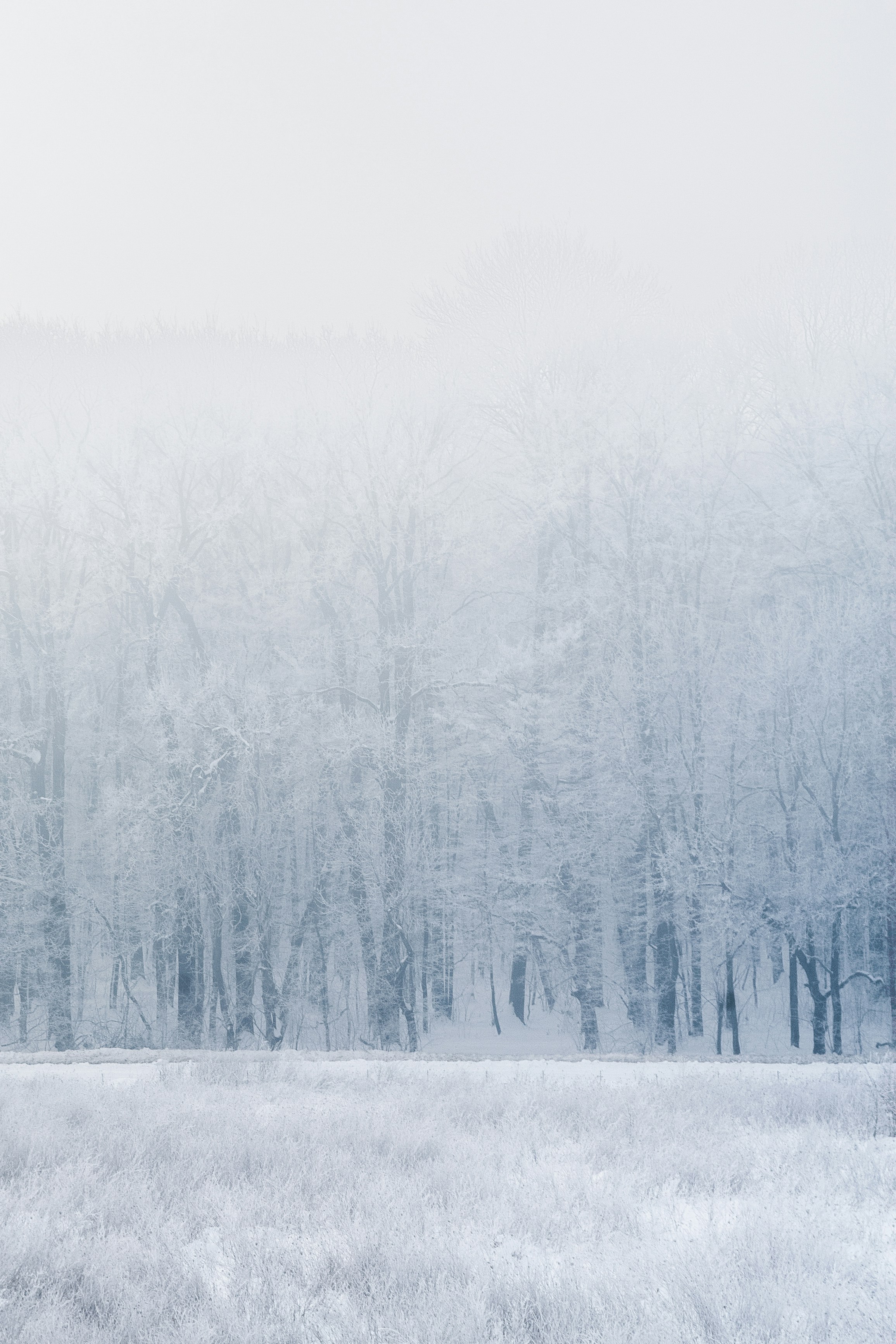 Free Unsplash photo from Eric Nastase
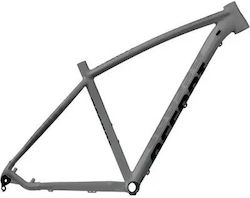 Accent Bicycle Frame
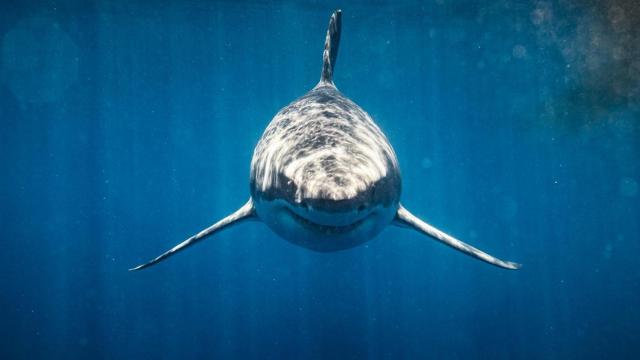Los tiburones son habituales en zonas como el golfo de México, pero están adquiriendo comportamientos extraños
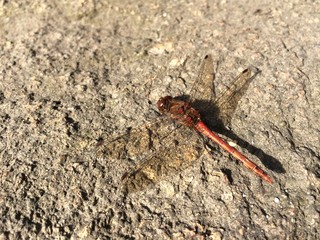 red dragonfly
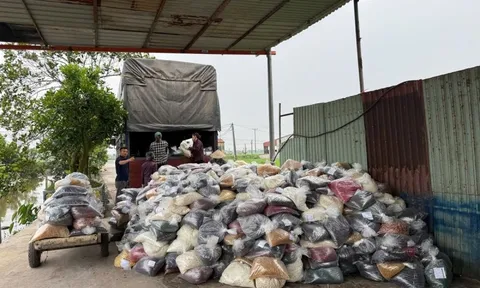 Vụ án 100 tấn thực phẩm chức năng giả: Cán bộ hải quan nhận hối lộ 1,5 tỷ đồng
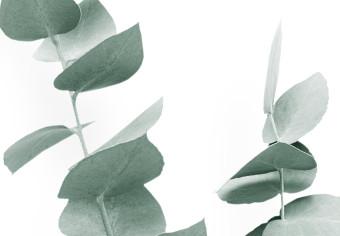 Canvas Eucalyptus Twigs - Minimalist Plant Leaves on a White Background
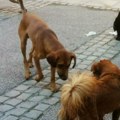 Strašna tragedija: Invalida u kolicima napali psi, pao u reku i preminuo posle nekoliko dana u komi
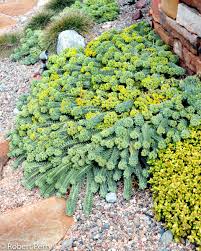 Image result for Euphorbia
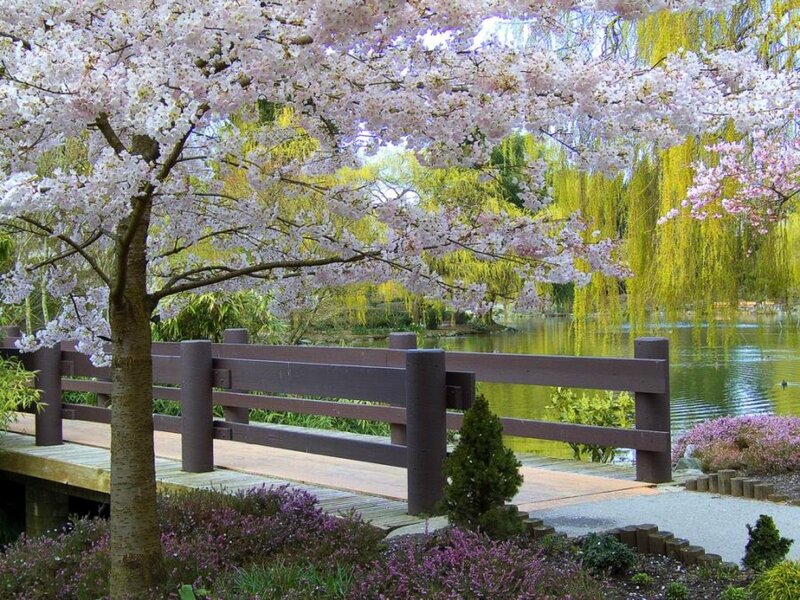 Cherry Blossom Tree — Pink, Serene, Spring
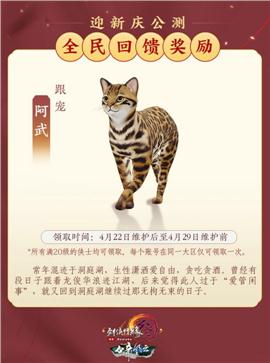 天龙八部私服转生设置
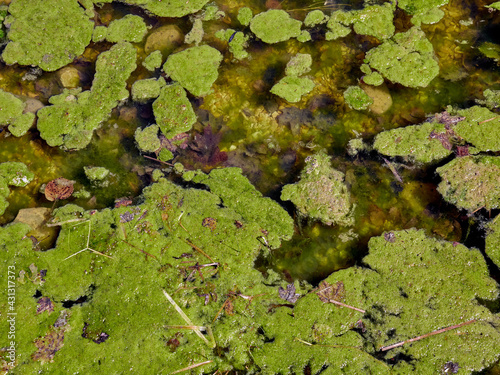 Pond with green aquatic vegetatio photo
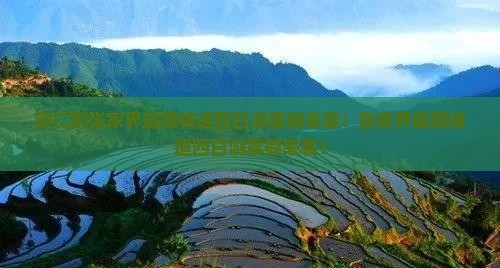 铜仁到张家界玻璃栈道四日游
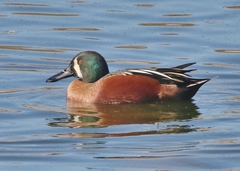 Spatula clypeata × cyanoptera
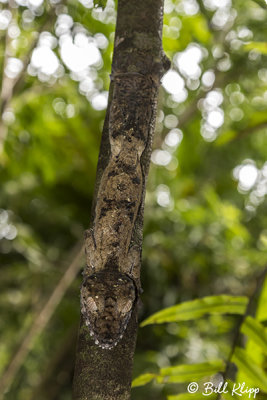 Giant Leaf-Tailed Gecko, Nosy Mangabe  2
|---|
= Assignment =
Exactly as written, give the entries above again, with no images.

= Result for this task =
 Free Unsplash photo from Eric Nastase
 Accent Bicycle Frame
Los tiburones son habituales en zonas como el golfo de México, pero están adquiriendo comportamientos extraños
 red dragonfly
 Vụ án 100 tấn thực phẩm chức năng giả: Cán bộ hải quan nhận hối lộ 1,5 tỷ đồng
 Canvas Eucalyptus Twigs - Minimalist Plant Leaves on a White Background
 Strašna tragedija: Invalida u kolicima napali psi, pao u reku i preminuo posle nekoliko dana u komi
 Image result for Euphorbia
 Cherry Blossom Tree — Pink, Serene, Spring
 天龙八部私服转生设置
 Pond with green aquatic vegetatio photo
 铜仁到张家界玻璃栈道四日游
 Spatula clypeata × cyanoptera
 Giant Leaf-Tailed Gecko, Nosy Mangabe  2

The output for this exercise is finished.